───── Data for this exercise

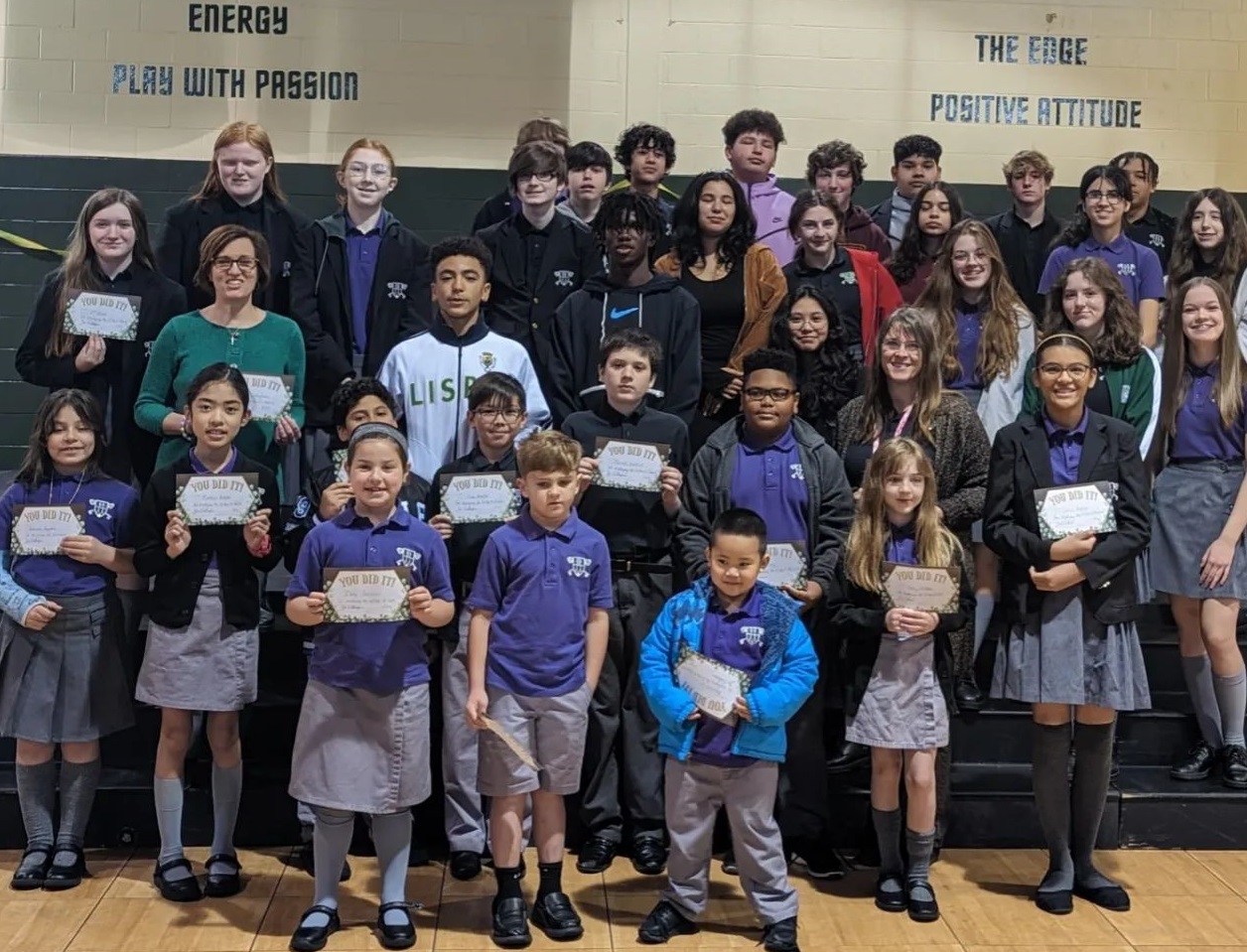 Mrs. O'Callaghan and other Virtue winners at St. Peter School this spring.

──────────
───── Data for this exercise

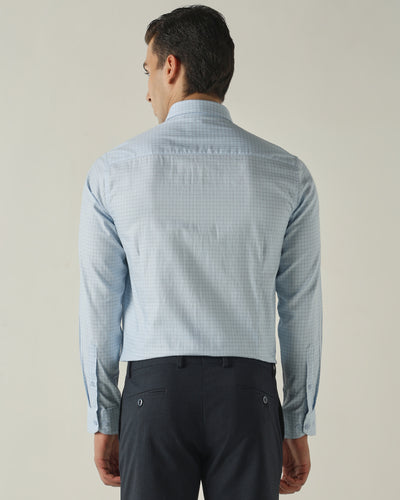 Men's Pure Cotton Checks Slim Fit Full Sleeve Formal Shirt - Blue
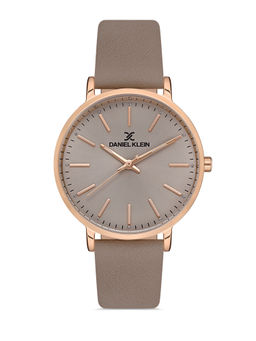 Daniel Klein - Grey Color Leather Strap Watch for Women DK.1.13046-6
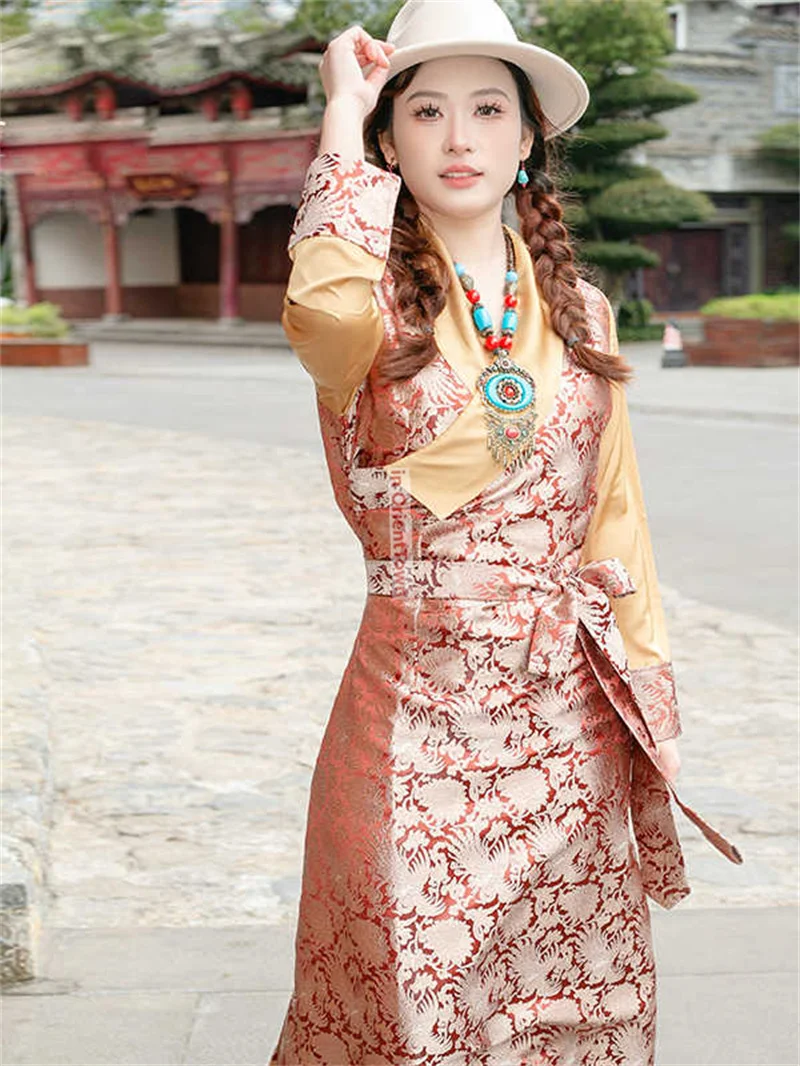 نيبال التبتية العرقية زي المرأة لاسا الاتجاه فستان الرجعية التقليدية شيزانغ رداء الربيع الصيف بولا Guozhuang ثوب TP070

──────────
───── Data for this exercise

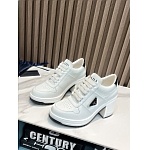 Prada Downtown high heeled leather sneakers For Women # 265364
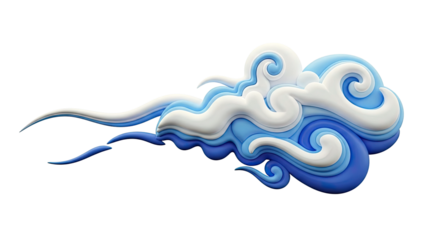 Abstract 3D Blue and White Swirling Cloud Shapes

──────────

■ Task to carry out ■
With pictures excluded, reproduce exactly the lines above from the one containing "Prada Downtown high" down to the one containing "Abstract 3D Blue", those two included.

■ Output for this exercise ■
 Prada Downtown high heeled leather sneakers For Women # 265364
 Abstract 3D Blue and White Swirling Cloud Shapes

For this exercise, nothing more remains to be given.